Is it normal to have aches and pains with age? Unfortunately, yes. We can expect to experience body aches and pains as we grow older. But do we know why? Understanding the underlying reasons for a throbbing elbow or the increased tendency to pull muscles makes a world of difference in how we process that information and treat symptoms.
If you’re more aware of how your body is changing, you can take steps to avoid or mitigate musculoskeletal problems and pain. Even if the effects of gravity or your particular genetic tendencies are unavoidable, knowing how to ease your current source of discomfort can brighten your outlook.
Life’s aches and pains also may act as valuable warning signs about where your health is heading. Take a look at what you can control now, so you’ll have greater command over tomorrow.
Causes of Aches & Pains as We Age
Three major sources of physical pain for seniors are joint pain, muscle strains and trauma from falls and broken bones. We become more susceptible to these as we age because the risk of certain chronic conditions rises over time. Progressive illnesses begin to show symptoms near or after age 60, including these three conditions:
Osteoporosis, a weakening of the bones, affects both men and women, although the condition is more common in women. Smaller bones combined with a loss of estrogen beginning in menopause makes women more susceptible to bone loss.

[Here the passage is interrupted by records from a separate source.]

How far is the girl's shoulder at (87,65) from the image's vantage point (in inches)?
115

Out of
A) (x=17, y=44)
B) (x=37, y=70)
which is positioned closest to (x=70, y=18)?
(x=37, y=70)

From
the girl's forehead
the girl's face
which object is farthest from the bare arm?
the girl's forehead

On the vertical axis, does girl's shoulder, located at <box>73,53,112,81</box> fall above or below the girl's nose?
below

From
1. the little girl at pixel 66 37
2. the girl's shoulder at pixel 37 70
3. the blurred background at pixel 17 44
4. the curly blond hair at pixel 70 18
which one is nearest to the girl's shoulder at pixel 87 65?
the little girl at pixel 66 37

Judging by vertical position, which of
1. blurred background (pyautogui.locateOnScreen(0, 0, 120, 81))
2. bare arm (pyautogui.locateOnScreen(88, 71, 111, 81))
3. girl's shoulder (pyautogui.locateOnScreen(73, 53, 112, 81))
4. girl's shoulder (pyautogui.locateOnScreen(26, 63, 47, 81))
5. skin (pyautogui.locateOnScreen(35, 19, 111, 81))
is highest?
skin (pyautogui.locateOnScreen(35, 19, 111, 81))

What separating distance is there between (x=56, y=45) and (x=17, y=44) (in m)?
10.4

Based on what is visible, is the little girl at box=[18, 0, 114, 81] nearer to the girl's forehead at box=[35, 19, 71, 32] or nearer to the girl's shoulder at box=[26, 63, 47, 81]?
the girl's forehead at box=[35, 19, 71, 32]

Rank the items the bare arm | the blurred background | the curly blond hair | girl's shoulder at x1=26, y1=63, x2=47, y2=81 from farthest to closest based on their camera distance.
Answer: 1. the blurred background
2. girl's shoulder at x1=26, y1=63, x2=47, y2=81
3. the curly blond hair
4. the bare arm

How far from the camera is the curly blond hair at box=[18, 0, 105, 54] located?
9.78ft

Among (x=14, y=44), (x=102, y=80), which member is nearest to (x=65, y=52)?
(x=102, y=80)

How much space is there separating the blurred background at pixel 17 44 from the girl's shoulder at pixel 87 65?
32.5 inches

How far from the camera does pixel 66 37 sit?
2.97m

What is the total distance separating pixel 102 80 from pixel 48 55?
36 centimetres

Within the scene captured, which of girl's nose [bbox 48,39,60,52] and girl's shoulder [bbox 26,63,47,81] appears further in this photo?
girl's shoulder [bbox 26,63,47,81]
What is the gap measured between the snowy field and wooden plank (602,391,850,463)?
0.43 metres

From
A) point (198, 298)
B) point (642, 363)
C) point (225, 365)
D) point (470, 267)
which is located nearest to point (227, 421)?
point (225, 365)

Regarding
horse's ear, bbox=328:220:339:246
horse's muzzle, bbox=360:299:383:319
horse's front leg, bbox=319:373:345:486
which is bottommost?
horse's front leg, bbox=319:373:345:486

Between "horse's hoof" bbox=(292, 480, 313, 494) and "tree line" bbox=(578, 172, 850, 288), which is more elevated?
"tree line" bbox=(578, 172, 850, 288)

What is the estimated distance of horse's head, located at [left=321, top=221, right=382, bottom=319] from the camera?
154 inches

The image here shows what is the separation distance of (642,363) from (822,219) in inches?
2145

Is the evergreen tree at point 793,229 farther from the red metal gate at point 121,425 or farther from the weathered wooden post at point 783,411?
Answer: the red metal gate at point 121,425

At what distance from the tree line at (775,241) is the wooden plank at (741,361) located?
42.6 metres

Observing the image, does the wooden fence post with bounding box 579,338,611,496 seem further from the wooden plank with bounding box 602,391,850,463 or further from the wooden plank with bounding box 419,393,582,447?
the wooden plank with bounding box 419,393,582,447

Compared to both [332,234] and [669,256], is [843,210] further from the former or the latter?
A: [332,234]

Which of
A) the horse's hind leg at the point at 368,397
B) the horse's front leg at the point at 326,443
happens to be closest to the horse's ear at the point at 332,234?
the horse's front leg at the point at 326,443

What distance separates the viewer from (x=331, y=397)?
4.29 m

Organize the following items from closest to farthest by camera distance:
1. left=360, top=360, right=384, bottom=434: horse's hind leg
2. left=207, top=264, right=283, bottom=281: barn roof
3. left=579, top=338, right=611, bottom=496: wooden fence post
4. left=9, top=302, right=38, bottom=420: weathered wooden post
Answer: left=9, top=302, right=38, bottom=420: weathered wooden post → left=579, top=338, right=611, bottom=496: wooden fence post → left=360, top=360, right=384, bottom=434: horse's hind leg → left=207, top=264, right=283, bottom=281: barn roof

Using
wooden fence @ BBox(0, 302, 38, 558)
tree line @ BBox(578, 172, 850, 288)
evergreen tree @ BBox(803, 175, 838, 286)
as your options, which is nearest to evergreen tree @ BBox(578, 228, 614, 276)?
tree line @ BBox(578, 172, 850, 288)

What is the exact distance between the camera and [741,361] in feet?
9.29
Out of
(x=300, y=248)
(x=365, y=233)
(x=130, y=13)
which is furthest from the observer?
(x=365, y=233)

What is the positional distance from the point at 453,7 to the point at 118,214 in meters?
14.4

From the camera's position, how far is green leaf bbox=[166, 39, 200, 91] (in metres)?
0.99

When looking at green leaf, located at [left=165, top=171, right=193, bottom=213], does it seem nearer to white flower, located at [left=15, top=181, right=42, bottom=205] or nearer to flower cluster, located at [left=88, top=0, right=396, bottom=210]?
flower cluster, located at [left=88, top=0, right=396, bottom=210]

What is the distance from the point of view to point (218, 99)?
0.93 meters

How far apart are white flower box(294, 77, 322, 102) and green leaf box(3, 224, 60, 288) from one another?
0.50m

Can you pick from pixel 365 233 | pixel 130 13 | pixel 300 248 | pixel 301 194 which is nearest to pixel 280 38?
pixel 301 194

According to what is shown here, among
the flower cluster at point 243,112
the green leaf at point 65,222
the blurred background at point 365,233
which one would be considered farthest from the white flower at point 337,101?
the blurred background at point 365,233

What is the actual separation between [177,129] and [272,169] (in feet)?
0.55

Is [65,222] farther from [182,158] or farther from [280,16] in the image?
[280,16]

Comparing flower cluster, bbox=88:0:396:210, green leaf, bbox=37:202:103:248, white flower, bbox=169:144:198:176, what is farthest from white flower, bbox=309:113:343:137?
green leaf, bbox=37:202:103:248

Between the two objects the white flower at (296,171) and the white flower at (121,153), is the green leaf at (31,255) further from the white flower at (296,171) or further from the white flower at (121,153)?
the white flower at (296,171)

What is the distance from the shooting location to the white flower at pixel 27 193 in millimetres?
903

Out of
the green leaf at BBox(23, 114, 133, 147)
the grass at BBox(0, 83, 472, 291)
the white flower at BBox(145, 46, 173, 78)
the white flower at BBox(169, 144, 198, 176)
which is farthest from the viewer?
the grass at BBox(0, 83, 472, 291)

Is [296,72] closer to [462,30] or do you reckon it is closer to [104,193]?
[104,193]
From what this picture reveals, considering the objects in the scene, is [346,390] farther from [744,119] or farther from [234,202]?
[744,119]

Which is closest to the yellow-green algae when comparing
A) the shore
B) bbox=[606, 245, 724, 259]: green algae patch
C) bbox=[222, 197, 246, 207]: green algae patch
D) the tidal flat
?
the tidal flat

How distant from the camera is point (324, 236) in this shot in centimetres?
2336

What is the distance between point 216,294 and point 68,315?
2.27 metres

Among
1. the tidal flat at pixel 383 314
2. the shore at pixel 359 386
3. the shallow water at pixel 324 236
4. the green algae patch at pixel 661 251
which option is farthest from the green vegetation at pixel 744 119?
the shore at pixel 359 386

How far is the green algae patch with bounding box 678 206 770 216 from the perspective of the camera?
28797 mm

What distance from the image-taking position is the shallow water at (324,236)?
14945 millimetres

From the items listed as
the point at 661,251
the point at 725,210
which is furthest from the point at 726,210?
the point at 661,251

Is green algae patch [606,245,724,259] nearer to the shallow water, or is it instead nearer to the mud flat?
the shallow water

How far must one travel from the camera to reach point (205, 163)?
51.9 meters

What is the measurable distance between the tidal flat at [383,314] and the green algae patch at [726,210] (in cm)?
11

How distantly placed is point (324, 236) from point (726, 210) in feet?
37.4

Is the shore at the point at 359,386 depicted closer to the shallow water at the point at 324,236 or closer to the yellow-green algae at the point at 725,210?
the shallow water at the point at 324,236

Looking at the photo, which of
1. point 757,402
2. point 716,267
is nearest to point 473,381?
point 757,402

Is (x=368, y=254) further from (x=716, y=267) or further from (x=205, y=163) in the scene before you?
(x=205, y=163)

Bone cells go through a life cycle of generation, maintenance and death. When we are younger, we build bone mass by creating new bone more quickly than we break it down. Over time, this process slows and eventually more bone mass is lost than replaced, and our bone density diminishes. Weaker, more brittle bones are more vulnerable. Fragile bones are at a greater risk of fracture and can take longer to heal.
Sarcopenia is a fancy name for muscle wasting. Older bodies are less efficient at absorbing and using nutrients. Smaller appetites make us less likely to consume all the foods we need to stay healthy. When these elements combine, we may lose muscle mass.

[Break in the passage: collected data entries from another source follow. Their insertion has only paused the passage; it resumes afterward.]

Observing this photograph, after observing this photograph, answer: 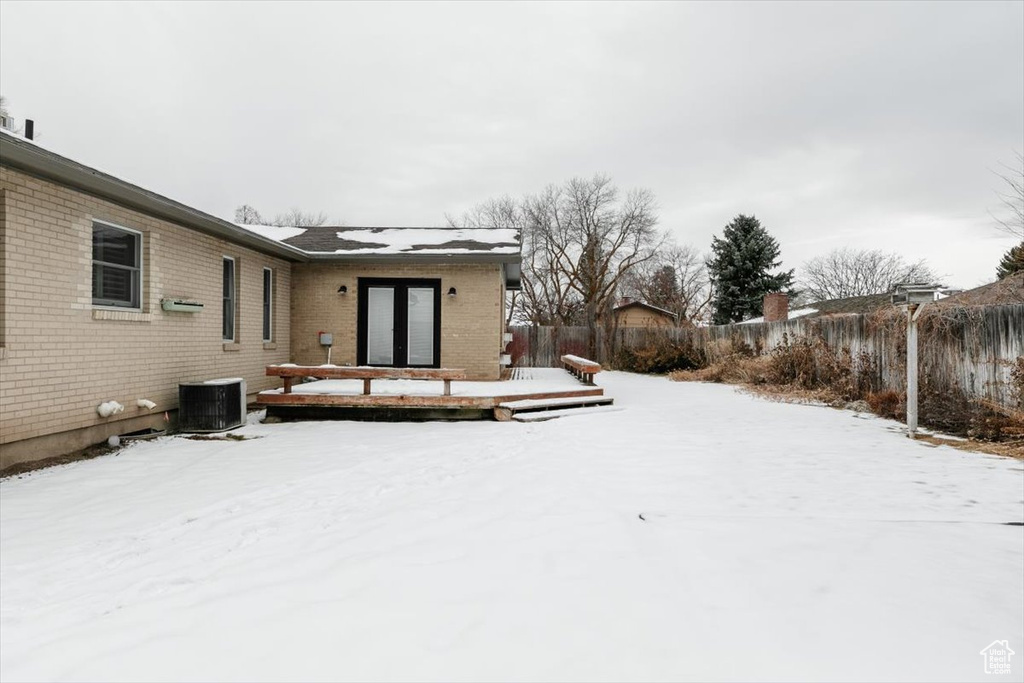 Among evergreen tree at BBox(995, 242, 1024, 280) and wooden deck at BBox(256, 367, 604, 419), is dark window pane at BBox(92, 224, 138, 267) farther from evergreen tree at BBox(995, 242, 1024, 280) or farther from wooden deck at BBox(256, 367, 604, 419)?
evergreen tree at BBox(995, 242, 1024, 280)

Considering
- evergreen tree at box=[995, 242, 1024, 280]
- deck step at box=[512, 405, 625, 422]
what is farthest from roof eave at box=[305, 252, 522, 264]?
evergreen tree at box=[995, 242, 1024, 280]

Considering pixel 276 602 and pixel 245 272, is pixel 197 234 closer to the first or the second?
pixel 245 272

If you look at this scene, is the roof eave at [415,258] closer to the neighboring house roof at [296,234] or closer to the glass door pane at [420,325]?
the neighboring house roof at [296,234]

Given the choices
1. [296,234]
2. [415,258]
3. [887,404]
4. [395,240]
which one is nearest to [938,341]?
[887,404]

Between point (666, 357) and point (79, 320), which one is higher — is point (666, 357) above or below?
below

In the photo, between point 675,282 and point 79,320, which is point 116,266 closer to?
point 79,320

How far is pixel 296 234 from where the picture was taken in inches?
507

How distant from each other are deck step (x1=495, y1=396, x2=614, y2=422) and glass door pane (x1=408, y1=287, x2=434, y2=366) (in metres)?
3.25

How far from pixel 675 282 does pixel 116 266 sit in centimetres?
3456

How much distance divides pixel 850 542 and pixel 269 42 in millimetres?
14718

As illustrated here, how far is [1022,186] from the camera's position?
1029 centimetres

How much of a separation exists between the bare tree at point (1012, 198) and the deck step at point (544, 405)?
29.7 feet

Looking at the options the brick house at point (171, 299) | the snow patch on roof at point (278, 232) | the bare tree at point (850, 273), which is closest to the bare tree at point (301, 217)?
the snow patch on roof at point (278, 232)

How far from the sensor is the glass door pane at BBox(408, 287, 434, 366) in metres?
11.6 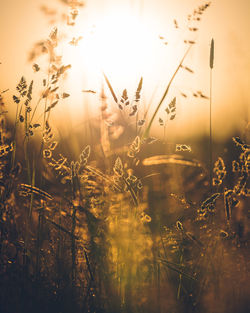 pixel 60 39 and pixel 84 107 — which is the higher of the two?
pixel 60 39

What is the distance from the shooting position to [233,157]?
1940 millimetres

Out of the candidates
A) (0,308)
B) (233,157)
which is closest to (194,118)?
(233,157)

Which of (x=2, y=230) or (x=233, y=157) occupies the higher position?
(x=233, y=157)

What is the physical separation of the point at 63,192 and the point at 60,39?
593 mm

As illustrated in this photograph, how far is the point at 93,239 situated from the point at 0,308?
351 mm

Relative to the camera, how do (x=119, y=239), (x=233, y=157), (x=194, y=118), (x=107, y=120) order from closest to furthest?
1. (x=119, y=239)
2. (x=107, y=120)
3. (x=194, y=118)
4. (x=233, y=157)

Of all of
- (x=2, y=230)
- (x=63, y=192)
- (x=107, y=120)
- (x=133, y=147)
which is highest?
(x=107, y=120)

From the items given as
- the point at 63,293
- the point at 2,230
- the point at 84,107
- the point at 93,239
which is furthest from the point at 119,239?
the point at 84,107

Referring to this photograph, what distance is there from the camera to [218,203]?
4.72ft

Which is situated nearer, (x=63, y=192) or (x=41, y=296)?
(x=41, y=296)

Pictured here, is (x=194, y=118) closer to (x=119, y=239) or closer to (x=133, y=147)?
(x=133, y=147)

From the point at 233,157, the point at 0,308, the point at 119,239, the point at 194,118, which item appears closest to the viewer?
the point at 0,308

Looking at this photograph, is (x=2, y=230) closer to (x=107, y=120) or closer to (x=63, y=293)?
(x=63, y=293)

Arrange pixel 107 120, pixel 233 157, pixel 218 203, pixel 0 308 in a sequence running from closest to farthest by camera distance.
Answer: pixel 0 308, pixel 107 120, pixel 218 203, pixel 233 157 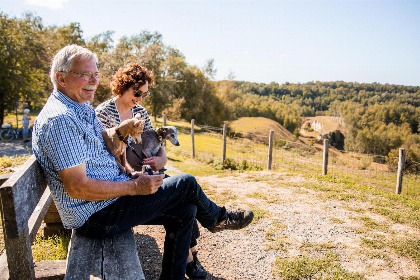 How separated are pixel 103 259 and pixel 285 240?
3.16 m

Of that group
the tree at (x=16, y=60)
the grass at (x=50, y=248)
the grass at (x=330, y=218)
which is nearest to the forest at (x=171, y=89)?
the tree at (x=16, y=60)

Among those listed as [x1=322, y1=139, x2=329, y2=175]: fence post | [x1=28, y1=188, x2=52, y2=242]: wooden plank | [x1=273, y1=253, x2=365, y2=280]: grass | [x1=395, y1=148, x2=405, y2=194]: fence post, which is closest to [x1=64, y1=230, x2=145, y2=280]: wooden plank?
[x1=28, y1=188, x2=52, y2=242]: wooden plank

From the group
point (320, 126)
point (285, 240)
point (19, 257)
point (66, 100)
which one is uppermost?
point (66, 100)

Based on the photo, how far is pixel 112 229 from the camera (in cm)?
241

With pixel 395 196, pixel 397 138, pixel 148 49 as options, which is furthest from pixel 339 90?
pixel 395 196

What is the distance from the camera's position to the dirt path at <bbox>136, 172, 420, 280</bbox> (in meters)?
3.82

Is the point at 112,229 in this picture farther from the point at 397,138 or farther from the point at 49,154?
the point at 397,138

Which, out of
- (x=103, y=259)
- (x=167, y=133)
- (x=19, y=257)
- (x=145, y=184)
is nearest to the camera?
(x=19, y=257)

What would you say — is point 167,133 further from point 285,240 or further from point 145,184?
point 285,240

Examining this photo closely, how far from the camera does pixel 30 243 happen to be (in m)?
2.09

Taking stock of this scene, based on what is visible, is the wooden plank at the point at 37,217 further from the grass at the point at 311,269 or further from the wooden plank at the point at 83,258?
the grass at the point at 311,269

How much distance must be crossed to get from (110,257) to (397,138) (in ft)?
235

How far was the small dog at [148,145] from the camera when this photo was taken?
3342mm

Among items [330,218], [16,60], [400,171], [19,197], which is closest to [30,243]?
[19,197] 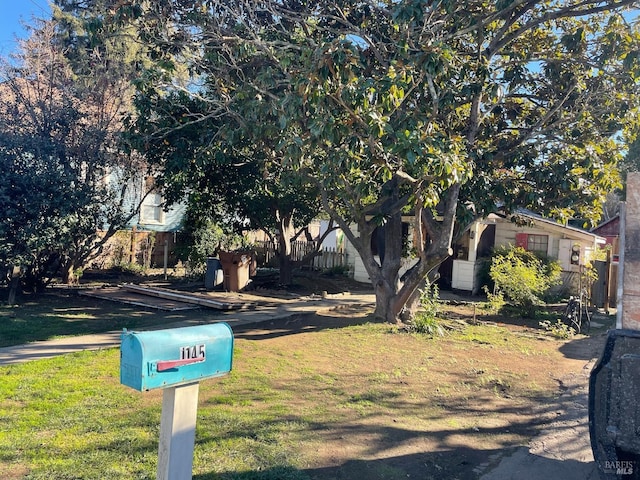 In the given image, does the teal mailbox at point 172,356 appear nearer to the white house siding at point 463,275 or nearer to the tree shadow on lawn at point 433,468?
the tree shadow on lawn at point 433,468

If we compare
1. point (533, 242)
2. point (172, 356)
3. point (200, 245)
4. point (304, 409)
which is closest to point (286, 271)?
point (200, 245)

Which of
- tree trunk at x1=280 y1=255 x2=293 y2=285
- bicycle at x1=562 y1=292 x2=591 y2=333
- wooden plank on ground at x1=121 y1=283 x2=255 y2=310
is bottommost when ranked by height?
wooden plank on ground at x1=121 y1=283 x2=255 y2=310

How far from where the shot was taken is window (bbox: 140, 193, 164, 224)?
63.8ft

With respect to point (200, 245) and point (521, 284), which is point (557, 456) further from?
point (200, 245)

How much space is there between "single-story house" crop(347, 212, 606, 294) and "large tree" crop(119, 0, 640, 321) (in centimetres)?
577

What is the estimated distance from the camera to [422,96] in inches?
366

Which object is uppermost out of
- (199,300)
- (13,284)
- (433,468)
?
(13,284)

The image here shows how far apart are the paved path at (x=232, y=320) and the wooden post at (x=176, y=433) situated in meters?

Reduced muscular vitality makes us less flexible and strong. Simple actions from a sneeze to a stretch can precipitate “pulled” muscles, resulting in inflammation and pain. Weak muscles can also affect balance and increase the risk of falls.
Arthritis occurs when the tissue surrounding or lining the joints breaks down and periodically becomes inflamed. Osteoarthritis affects cartilage, while rheumatoid arthritis affects the joint capsule.
These and less common types of arthritis may either prompt or be caused by a wearing down of the adjacent bones. That dull or grinding ache reminds you to take it easy with a knee, elbow, wrist or other problem joints.
Preventing and Treating Pains in Seniors
You might not avoid some aches, though you can alleviate some of the pain. Maintaining a healthy weight and monitoring your nutrient intake is good advice for any musculoskeletal condition. You can also use judicious self-care to alleviate inflamed or sore muscles, joints or bones.
Watch your diet! Older adults face a growing risk of nutritional deficiency, partly due to physical changes and partly due to reductions in appetite or dietary variety. For bone and joint health, foods that are high in healthy fats, calcium and vitamin E are important. Get good fats and vitamin E from foods like olive oil, salmon, almonds, peanut butter and avocados.
Low-fat dairy products and canned whole sardines are good sources of calcium, which strengthens bones. In order to absorb the calcium, your body needs vitamin D. If you don’t get much vitamin D through body exposure to sunlight, take a daily supplement.
Maintain muscle mass by getting plenty of low-fat protein. Fish is ideal, while lean chicken and beef are your next-best bets. Beans and corn in combination provide a high level of protein, as do soybean products, peanuts and almonds.
Turn down the heat of inflammation and feel better. Alternating hot and cold compresses offers immediate muscle and joint relief. You might try a warm bath followed by application of a cold pack kept in the fridge.
Regular stretching and gentle exercise prevent or reduce inflammation by keeping tissue supple and increasing the space between areas that rub, such as the shoulder bursa and joint socket.
And, finally, rest is something many of us often forget. If you suffer a strain or are coming back from an injury, stay off the affected area to keep inflammation and pain to a minimum. Along with exercise, rest may be the least expensive and most effective way to rise above your aches and pains.